Before Winston Salem when my life truly began, my companions were the trees and the muddy waters of Crabtree Creek, the dust of a dry season and the bright blue skies of a summer day. We lived close to where Anderson Point Park is now, right off US-64 -which they were building back then, now that I think about it. It was a fifteen minute walk from my house to the mouth of that creek. When my father beat the hell out of me -as he often did over anything in his constant drunken stupor when I was younger- I’d often run to that place where the muddy waters feed into the ever muddier currents of the Neuse. I’d sit on the banks, wet or dry, and fume, often digging my fingers into the soil and contemplating how I’d get back at my goddamn-son-of-a-bitch of a father for whatever he did to me that day.. 

If I go on long enough, you may be hearing my entire background. Most of these stories on here are short and to the point, so I’ll try to do the same, if I can. I can’t type for that long anyway, the way the arthritis eats at my fingers these days. 

Ironically, I couldn’t have started this on a more appropriate morning. The February snow falls just like it did that January in 1951 -a light snow, bordering on moderate intensity, with a great solemnity in tone. Except here, in this house with my wife happily still asleep, the gray body called death doesn’t blanket the air like it did that Sunday morning long ago. Its sickly aroma doesn’t hold me in such a clench, but I remember it well all the same.. 

I had just been awoken by my mother prodding my arm, telling me grandma finally went, and the doctor was on the way.

“Mom, are you okay?” 

My voice was hoarse, and against the bright white light of the room my mother’s face was a running sheet of tears. She nodded, still touching my shoulder from over the blanket. “And..” she continued, face drawn closer to mine, whispers meant only for my ear. “Your father drank all night. Again.”

It was my turn to nod, and I sat up in bed. I took my mother’s arm, held it firm. 

“I hate him.” It was pure venom, and it caught me off guard there in the tangle of my sheets, but I meant it. At least, right then.  

My mother, all eyes, leaned in once more. Her perfume smelled of some blossoming flowers in a blossoming field, something I’d sell my ancient soul to never forget. I thought she was going to whisper more words into my ear, but she only kissed my forehead and drifted out of the room, leaving me in a state of sadness, anger, and general disruption. I threw the covers and sheets away and immediately began to dress into my winter attire. I had no interest in waiting for the doctor to come press his stethoscope against my grandma’s chest, or for the certain disappointment that was my father. 

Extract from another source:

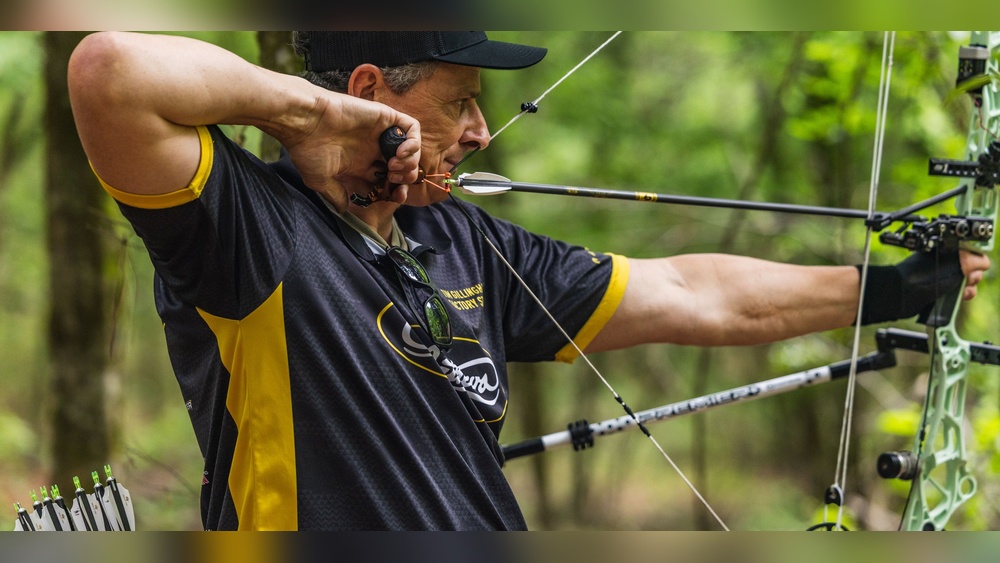 What Spine Arrow Should I Shoot With My Traditional Recurve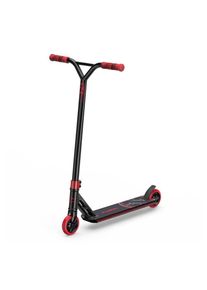 Fuzion Pro X-5 Black/Red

I laced my boots and zipped up my heavy winter coat, and at the door in a stink of booze and oozing sweat was my father. His eyes were gray, drooling, insignificant. His face was a dark mask, awfully daunting when I was a boy but now more frustrating as a teenager. I saw his fly was down; It made me furious. 

“Where are you going?” he said, mumbling other incoherences. When my father was drunk, he’d grip his belt with his right hand, as if it were imminent that an ass-whooping was coming.  

“Going to get some fresh air,” I said, approaching my old man at the door. For a fourteen year old, I was actually taller than him -I had my mother’s stature- and leaner. And this particular morning I was borderline rebellious, recently grief-stricken, and secretly vulnerable. There was a defining aura about that house. Maybe it was the torment of three months exiting those walls, seeping through the plaster into some finality beyond. I felt a real sense of fleetingness, a sense that I was a clock ticking down, that I was meant for a greater purpose than this goddamn-son-of-a-bitch blocking my reprieve of this house’s abrupt strangeness and discomfort.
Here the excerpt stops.